Members of the radical Islamist Ansar al-Shariah militia are suspected of being behind the attack.
Many of Libya's militias were formed in the eight-month war against Gadhafi, but more groups sprang up after the end of fighting in October. With the country trying to rebuild after 42 years of Gadhafi, the groups paid little attention to successive interim leaders. They were accused of bullying citizens, operating independent prisons and holding summary trials for Gadhafi loyalists. Recently, Islamist-led militias have also attacked shrines, such as tombs associated with religious figures, that they considered to be counter to their strict view of Islam.
This Friday, thousands of protesters marched against the militias in Benghazi, the cradle of the uprising against Gadhafi, and stormed two of their compounds. Militiamen at the Sahati Brigade's compound fired at the protesters, killing nearly a dozen.
In an attempt to deflect the anger, Libya's president ordered all militias to dissolve or to come under a joint operations command to coordinate between the militia brigades and the army. The military had already asked all armed groups using captured Gadhafi-era barracks to evacuate them and hand them over. Security forces have already raided a number of sites in the capital Tripoli used by militias.
The moves surprised some critics who doubted that the government was strong enough to deal with the militias, particularly the powerful Islamist ones.
But many Libyans still feel the government has not done enough.

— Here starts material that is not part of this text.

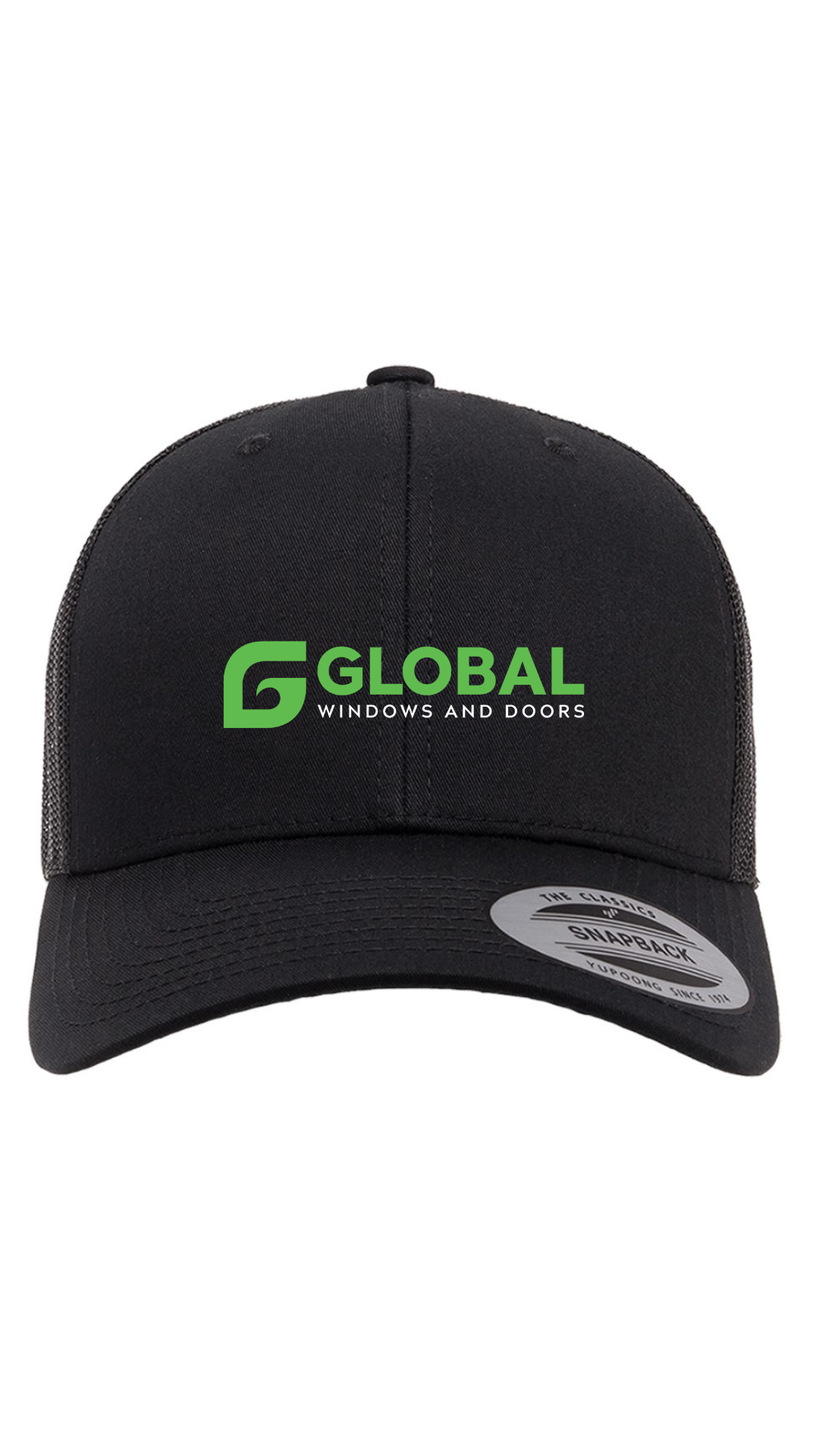 YP CLASSIC TRUCKER CAP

In Benghazi, around 200 people rallied against the militias on Monday, decrying the government decision to retain some of the armed groups even if they were under military command. The protest demanded that all militias be disbanded and its members integrated in the security agencies as individuals.
The protesters also demanded an independent investigation into the killing of protesters on Saturday, saying that the government bears responsibility for the actions of a militia upon which it had relied for security.
"The blood of the martyrs will not be shed in vain," the protesters chanted. They called for the chief of staff, defense and interior ministers to be sacked.